All measurements are approximate.
- ½ cup hazelnuts, chopped
- 1 red bell pepper
- 2 garlic cloves
- 1 tomato, roughly chopped
- 1 tsp paprika
- 1 tbsp red wine vinegar
- ¼ cup plus 2 tbsp extra virgin olive oil
- 1 kabocha squash
- 1 tbsp berbere spice blend (recipe follows)
- 4 ½ cups vegetable or no-chicken broth
- 1 cup polenta
- 2 tbsp butter or substitute (optional)
- 1 bunch of asparagus
- 1 bunch of rapini
- 1 tsp tamari
- Juice of ½ lemon
- Toast hazelnuts in a skillet over medium-high heat. They should be very lightly browned, be careful not to burn.
- Roast 1 red bell pepper.

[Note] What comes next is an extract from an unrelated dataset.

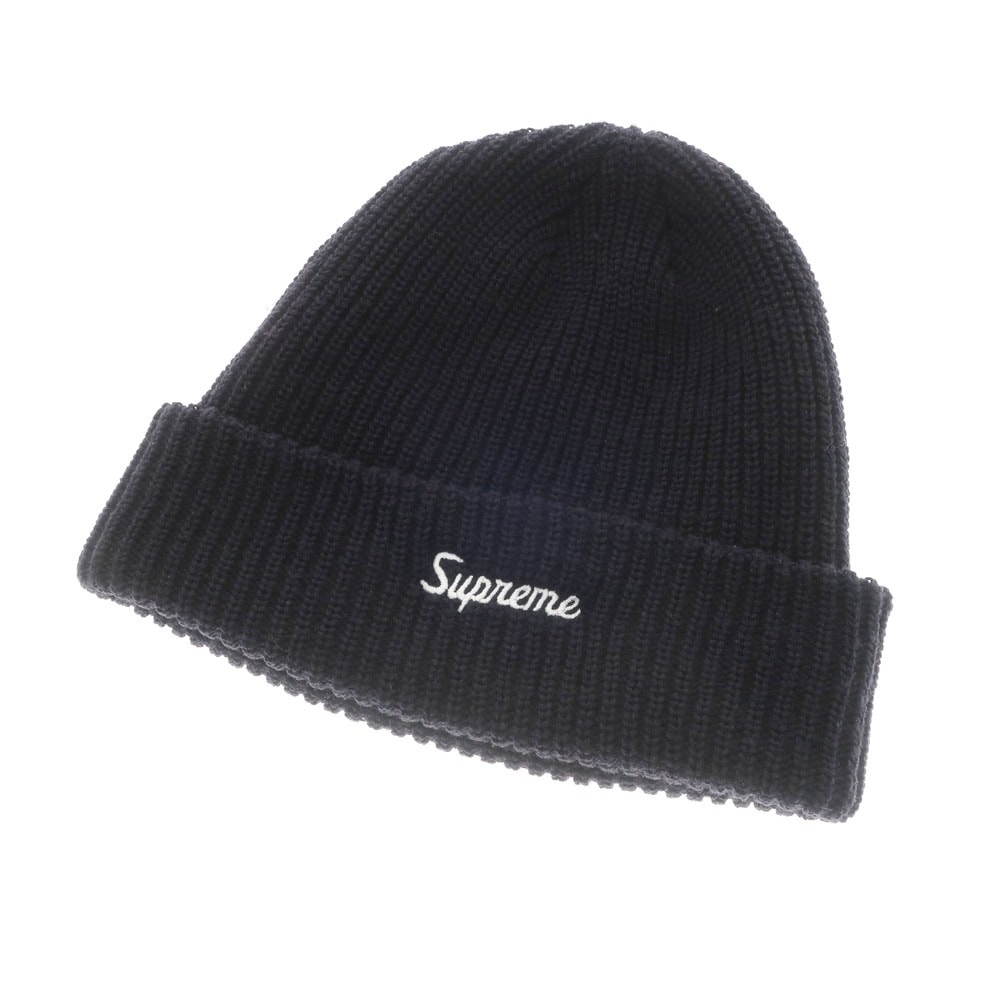 【中古】シュプリーム Supreme Loose Gauge Beanie ミドルゲージアクリル ビーニー ニットキャップ ネイビー【メンズ】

Place in bowl and cover, or in paper bag, until cool enough to handle to peel the skin and remove seeds and stem.
- Combine hazelnuts, pepper, 1 clove of peeled garlic, tomato, paprika, and vinegar in blender. Add ¼ cup extra virgin olive oil and blend until smooth.
Kabocha is a tough squash to cut into. However, the skins are edible, so there’s no need to peel, unless you prefer it that way.
- Once you manage to hack it apart, cut into 2 inch cubes. Toss with 2 tbsp olive oil and berbere spice blend. Roast 400 degrees until tender, about 30 minutes.
- Bring 4 cups vegetable or no-chicken broth to boil (for no-chicken broth I used Better than Bouillon)
- Whisk 1 cup polenta, simmer until desired thickness, 15-30 minutes.
- Remove from heat, stir in butter or vegan butter substitute (optional- I’ve made polenta that tastes so creamy it doesn’t seem necessary, but sometimes it needs that extra richness).
Rapini and Asparagus
- Blanch and drain chopped rapini and asparagus.
- Heat 2 tb oil in skillet, add 1 clove minced garlic for 30 seconds.
- Add rapini and asparagus and sauté for about 5 minutes.
- Add ½ cup no-chicken or vegetable stock, turn down and cook for another 5 minutes.
- Add 1 tsp tamari and lemon juice from ½ a lemon.
Spoon polenta into bowl, top with kabocha squash, place rapini to one side, asparagus to the other. Serve with the romesco.
Berbere Spice Blend from Terry Hope Romero’s Vegan Eats World
Makes over ½ cup of ground spice blend
- 6 green cardamom pods or ¼ teaspoon cardamom seeds
- 6 allspice berries or ½ teaspoon ground allspice
- 1 tablespoon coriander sides
- 2 teaspoons cumin seeds
- 2 teaspoons fenugreek seeds
- 1 teaspoon black peppercorns
- 6 whole cloves
- 3 tablespoons ground hot or sweet paprika
- 2 teaspoons ground ginger
- ½ teaspoon ground turmeric
- ½ teaspoon ground cayenne pepper
- ½ teaspoon salt
- ¼ teaspoon ground cinnamon
1. If using the cardamom pods, open them with your fingers or the tip of a sharp paring knife and remove the seeds. I usually find it easiest to slice each pod horizontally, break open the pod and shake out the seeds. Discard the empty pods.
2. In a skillet over medium heat toast together the cardamom seeds, allspice berries (but not the ground allspice if using), coriander, cumin, fenugreek, peppercorns, and cloves for 2 to 2 ½ minutes, stirring occasionally. Remove seeds immediately when fragrant and fenugreek seeds have darkened slightly.
3. Grind the toasted spices with the ground paprika, ginger, turmeric, cayenne, salt and cinnamon in a coffee grinder as fine as you can make it. Store in a clean, dry glass jar and cover tightly. Keep in a dark, cool kitchen cabinet and use within 3 months for the best flavor.